- Prithvipur Location in Uttar Pradesh, India Prithvipur Prithvipur (India)
- Coordinates: 26°19′59″N 82°26′42″E﻿ / ﻿26.333°N 82.445°E
- Country: India
- State: Uttar Pradesh
- Division: Faizabad
- Tehsil: Baskhari
- Elevation: 89 m (292 ft)

Population (2011)
- • Total: 2,074

Languages
- • Official: Hindi Urdu English
- Time zone: UTC+5:30 (IST)
- Postal code: 224190
- Telephone code: +91-5450
- Vehicle registration: UP45 XXXX

= Prithvipur, Ambedkar Nagar =

Prithvipur is a village of Tanda, Ambedkar Nagar, Uttar Pradesh, India. It is also a Tehsil and forms part of Faizabad division. Akbarpur is the district headquarters and is 35 km distant. The postal code is 224190.

==Caste==
The village has a separation population of Schedule Caste (SC) which constitutes 32.79% of total population.

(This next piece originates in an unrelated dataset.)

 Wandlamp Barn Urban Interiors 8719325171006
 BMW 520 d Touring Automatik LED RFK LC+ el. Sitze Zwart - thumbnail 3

The village currently doesn't have any Schedule Tribe (ST) peoples.

==Demographics==
As of the 2011 India census Prithvipur had a population of 2,074. Males constitute 53% of the population and females 47%. There are 352 houses in Prithvipur.

==Transportation==
There are no railway stations less than 35 km away from Prithvipur. Basti Railway Station is a major railway station 50 km from Prithvipur.

==Weather==
Prithvipur has a climate of summer (from March to July), and temperatures can range from 30 to 40 degrees Celsius. Winter climate (November to January) temperatures can range from 10 to 20 degrees Celsius.